- [Short web captions]:
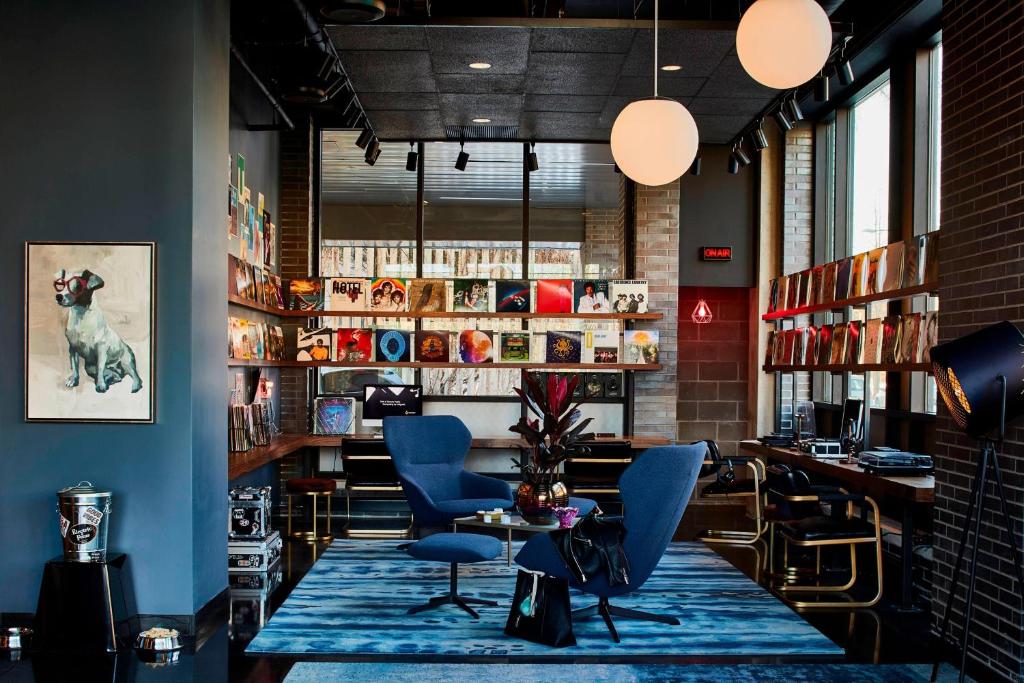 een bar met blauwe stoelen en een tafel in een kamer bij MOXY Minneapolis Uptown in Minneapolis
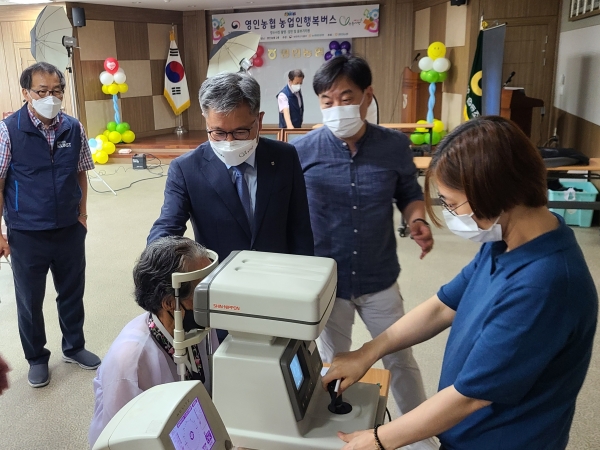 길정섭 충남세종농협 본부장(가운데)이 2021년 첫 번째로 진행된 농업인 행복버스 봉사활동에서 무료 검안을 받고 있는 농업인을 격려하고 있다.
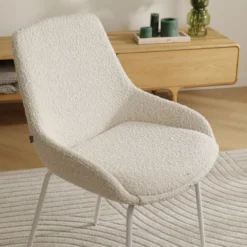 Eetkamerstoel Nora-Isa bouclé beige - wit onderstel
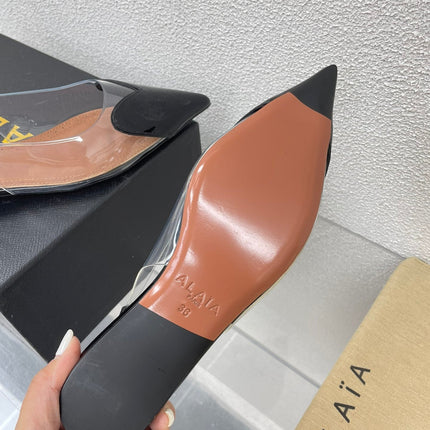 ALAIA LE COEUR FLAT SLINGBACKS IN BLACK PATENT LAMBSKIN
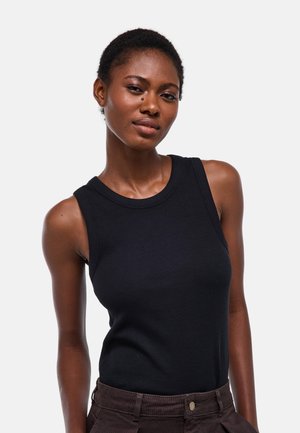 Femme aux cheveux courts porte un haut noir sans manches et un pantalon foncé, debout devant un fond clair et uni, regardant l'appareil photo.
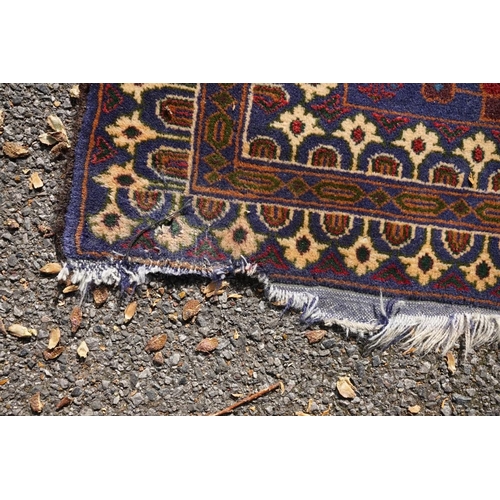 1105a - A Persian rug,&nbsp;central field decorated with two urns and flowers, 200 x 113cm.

- [ACTION ITEM]: Give the lines again exactly, starting where the entries begin and stopping once the line with "Eetkamerstoel Nora-Isa bouclé" is included; pictures are not copied.

- [TASK OUTPUT]:
 een bar met blauwe stoelen en een tafel in een kamer bij MOXY Minneapolis Uptown in Minneapolis
 길정섭 충남세종농협 본부장(가운데)이 2021년 첫 번째로 진행된 농업인 행복버스 봉사활동에서 무료 검안을 받고 있는 농업인을 격려하고 있다.
 Eetkamerstoel Nora-Isa bouclé beige - wit onderstel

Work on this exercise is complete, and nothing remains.